What you should do:
Which of the lines below contain the string "Short"? Pull each one out of the data.

=== Begin Enclosure ===

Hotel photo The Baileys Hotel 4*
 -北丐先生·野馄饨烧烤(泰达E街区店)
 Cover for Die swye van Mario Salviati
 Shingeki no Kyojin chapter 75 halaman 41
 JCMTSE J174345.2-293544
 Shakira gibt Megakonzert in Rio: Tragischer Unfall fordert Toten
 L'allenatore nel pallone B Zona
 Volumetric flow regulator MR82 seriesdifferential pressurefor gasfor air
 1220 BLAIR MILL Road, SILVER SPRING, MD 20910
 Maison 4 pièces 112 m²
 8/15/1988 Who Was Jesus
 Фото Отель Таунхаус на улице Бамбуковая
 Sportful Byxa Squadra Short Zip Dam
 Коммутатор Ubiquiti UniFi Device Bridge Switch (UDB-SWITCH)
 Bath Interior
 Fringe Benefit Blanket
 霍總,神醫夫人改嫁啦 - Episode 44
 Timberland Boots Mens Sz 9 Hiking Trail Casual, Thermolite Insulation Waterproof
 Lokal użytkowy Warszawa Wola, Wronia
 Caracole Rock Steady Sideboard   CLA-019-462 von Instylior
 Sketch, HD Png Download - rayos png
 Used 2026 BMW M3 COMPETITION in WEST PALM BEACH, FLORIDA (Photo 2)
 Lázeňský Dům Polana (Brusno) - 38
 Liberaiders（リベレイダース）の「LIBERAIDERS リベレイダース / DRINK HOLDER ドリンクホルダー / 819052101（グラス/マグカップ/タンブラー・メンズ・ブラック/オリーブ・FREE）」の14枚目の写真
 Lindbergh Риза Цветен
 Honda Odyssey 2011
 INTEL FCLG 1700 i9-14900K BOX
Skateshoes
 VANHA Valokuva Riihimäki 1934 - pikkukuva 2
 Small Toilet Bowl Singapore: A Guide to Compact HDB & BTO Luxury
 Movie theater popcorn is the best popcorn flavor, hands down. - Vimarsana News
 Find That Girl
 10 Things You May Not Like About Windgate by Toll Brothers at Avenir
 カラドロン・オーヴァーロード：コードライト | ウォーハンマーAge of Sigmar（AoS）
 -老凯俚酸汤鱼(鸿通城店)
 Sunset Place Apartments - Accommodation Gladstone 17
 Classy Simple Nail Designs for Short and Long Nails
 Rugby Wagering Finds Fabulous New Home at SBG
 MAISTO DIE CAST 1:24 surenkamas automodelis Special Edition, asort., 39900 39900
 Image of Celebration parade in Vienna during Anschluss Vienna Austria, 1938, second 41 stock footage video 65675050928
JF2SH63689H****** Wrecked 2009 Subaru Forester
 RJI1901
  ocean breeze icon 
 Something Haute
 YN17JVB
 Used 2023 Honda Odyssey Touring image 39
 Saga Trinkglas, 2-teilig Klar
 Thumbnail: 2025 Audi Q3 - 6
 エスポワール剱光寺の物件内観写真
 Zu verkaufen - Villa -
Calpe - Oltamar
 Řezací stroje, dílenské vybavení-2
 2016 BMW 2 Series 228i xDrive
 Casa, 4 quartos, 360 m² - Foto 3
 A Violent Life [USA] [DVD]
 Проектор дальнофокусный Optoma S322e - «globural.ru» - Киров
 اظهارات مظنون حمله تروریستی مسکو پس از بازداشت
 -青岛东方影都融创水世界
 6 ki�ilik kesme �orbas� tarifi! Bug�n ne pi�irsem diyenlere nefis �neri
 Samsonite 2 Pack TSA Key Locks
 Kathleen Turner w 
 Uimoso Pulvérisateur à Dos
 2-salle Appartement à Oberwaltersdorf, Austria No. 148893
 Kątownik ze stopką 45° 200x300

=== End Enclosure ===

Output of the task:
 Sportful Byxa Squadra Short Zip Dam
 Classy Simple Nail Designs for Short and Long Nails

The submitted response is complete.